» Exercise objective
Transcribe the full listing below exactly.
───── Records to process
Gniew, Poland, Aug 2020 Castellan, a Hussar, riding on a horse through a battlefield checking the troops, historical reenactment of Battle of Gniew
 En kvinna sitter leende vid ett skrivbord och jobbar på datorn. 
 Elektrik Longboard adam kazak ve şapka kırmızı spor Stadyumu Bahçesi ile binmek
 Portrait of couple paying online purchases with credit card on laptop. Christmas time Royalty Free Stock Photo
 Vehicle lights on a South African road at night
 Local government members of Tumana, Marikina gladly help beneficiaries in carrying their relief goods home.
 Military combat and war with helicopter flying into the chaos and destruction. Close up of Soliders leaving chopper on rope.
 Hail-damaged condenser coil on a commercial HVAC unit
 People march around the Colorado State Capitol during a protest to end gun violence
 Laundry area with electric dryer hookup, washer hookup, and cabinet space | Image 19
──────────
» Exercise solution
Gniew, Poland, Aug 2020 Castellan, a Hussar, riding on a horse through a battlefield checking the troops, historical reenactment of Battle of Gniew
 En kvinna sitter leende vid ett skrivbord och jobbar på datorn. 
 Elektrik Longboard adam kazak ve şapka kırmızı spor Stadyumu Bahçesi ile binmek
 Portrait of couple paying online purchases with credit card on laptop. Christmas time Royalty Free Stock Photo
 Vehicle lights on a South African road at night
 Local government members of Tumana, Marikina gladly help beneficiaries in carrying their relief goods home.
 Military combat and war with helicopter flying into the chaos and destruction. Close up of Soliders leaving chopper on rope.
 Hail-damaged condenser coil on a commercial HVAC unit
 People march around the Colorado State Capitol during a protest to end gun violence
 Laundry area with electric dryer hookup, washer hookup, and cabinet space | Image 19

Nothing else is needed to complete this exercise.